Important information - the value of investments and the income from them can go down as well as up, so you may get back less than you invest.
When I opened my first investment ISA a few years ago, my dad was on hand to provide some tips. Find a big, mainstream fund that offers broad exposure to the global economy. Reinvest the dividends. When you find yourself with some spare cash, top up the holding. The rest of the time, just forget about it - don’t bother trying to chase the market.

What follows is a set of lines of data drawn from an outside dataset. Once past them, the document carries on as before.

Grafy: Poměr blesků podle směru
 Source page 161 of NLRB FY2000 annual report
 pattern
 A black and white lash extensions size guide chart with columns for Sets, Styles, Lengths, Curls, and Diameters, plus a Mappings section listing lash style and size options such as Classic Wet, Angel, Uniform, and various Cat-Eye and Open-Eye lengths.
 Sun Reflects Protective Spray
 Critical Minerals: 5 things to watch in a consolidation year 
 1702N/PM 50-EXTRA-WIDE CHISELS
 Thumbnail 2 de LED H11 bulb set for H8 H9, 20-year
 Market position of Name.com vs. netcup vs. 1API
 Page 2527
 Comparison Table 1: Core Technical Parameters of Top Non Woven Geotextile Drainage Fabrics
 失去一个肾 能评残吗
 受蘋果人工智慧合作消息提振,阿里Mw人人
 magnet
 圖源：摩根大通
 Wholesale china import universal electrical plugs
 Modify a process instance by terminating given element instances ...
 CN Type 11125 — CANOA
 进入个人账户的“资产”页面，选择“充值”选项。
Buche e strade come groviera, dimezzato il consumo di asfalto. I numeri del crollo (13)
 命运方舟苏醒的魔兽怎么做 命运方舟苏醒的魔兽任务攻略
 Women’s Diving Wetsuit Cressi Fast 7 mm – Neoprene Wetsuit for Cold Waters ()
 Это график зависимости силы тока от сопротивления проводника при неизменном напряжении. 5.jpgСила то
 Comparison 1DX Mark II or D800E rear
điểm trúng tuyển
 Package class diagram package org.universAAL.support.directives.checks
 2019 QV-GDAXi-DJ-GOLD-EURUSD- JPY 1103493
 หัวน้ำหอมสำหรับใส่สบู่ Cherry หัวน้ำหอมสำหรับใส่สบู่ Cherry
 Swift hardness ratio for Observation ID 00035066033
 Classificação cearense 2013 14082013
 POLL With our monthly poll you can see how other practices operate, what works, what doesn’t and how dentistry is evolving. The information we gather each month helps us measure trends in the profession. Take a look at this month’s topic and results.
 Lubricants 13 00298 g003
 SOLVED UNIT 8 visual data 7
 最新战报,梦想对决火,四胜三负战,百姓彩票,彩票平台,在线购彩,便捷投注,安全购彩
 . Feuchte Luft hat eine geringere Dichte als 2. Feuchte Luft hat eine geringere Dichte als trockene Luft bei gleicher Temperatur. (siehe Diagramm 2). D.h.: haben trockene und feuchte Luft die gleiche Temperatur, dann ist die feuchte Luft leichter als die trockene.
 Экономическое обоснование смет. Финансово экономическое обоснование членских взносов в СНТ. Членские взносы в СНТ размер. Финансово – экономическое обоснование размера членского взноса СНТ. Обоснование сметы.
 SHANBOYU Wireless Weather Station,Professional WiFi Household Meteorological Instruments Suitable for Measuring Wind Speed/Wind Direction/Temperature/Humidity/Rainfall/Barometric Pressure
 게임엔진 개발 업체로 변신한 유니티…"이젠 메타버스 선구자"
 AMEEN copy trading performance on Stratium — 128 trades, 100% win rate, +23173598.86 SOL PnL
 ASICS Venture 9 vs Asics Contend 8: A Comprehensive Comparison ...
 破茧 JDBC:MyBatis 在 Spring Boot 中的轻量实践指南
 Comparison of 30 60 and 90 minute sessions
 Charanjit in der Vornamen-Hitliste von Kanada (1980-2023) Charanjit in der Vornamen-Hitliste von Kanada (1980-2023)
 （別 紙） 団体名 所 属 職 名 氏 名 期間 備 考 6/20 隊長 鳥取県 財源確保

I took his advice, and it has served me well. My Fidelity Index World Fund has risen by almost a quarter since I made my first tentative investment. Very sadly, my dad died in 2022 - and something strange has happened to my trusty tracker since then.
Far from offering broad exposure to the global economy, it has become increasingly dominated by a handful of American technology firms. The 10 biggest stocks now represent over a third of the US market, the highest level of concentration the world has seen since 1930.
I have also begun to question the logic of passive investing. As more and more money floods into trackers, surely these funds will start to exceed their brief? They are weighted by market cap, which means they invest most heavily in stocks that have already gone up. As such, they bolster existing winners.
I was fretting about this in January when I came across Terry Smith’s annual letter to shareholders. His fund, Fundsmith Equity, claims to hold “high quality, resilient, global growth companies that are good value”. It has a small portfolio of just 29 stocks.
Most of the Magnificent Seven don’t make the cut - and their absence has been keenly felt. Fundsmith grew by less than 1% in 2025, its fifth consecutive year of underperformance.
And yet, in seeking to explain yet another disappointing year, Smith pinpointed my concerns about AI and passive funds - and articulated them far better than me. The letter is well worth a read.
Towards the end of his January missive, Smith considered whether to shake up his investment approach.
“We could: 1. Start buying stocks in all the large companies which dominate the indices, and/or 2. Become momentum investors who buy shares which are performing strongly irrespective of their fundamental merits.”
Unsurprisingly, he rejected both options and stuck to his guns: to buy good companies and hold them for a long time. “Good” means a few things here, including the ability to deliver consistently high returns on capital, to achieve wide margins, to turn profits into cash, and to grow that cash flow. Many of these are old companies, with the average year of foundation sitting at 1919.
According to Smith, the portfolio consists of companies that are “fundamentally a lot better than the average of those in the S&P 500”.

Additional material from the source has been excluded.